COLLECTED DATA –
_____

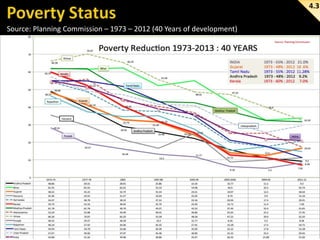 4.3
Source: Planning Commission – 1973 – 2012 (40 Years of development)

 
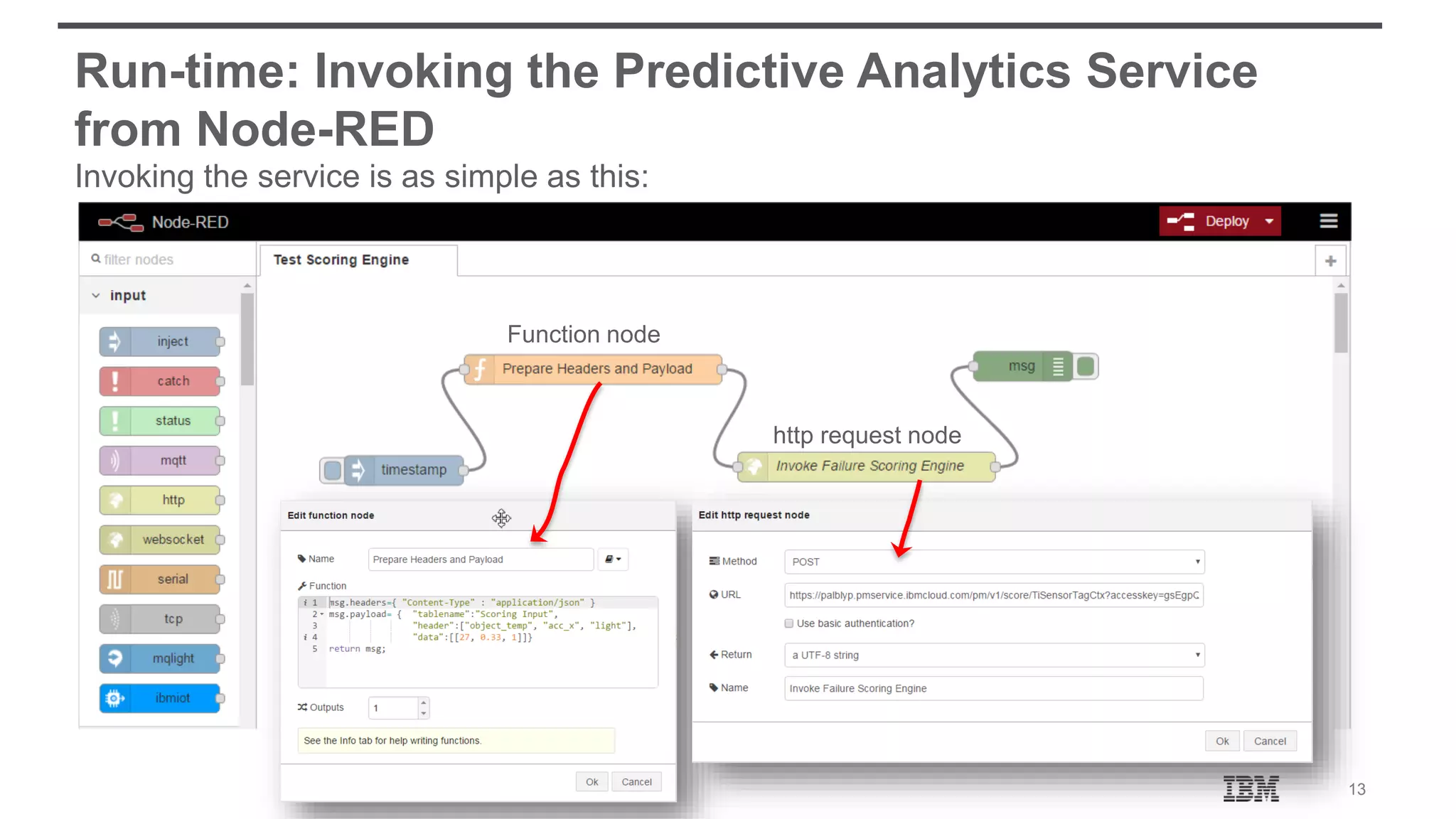 13 Run-time: Invoking the Predictive Analytics Service from Node-RED Invoking the service is as simple as this: Function node http request node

_____

Give back the material exactly as written, images excluded.

SOLUTION –
 4.3
Source: Planning Commission – 1973 – 2012 (40 Years of development)

 
 13 Run-time: Invoking the Predictive Analytics Service from Node-RED Invoking the service is as simple as this: Function node http request node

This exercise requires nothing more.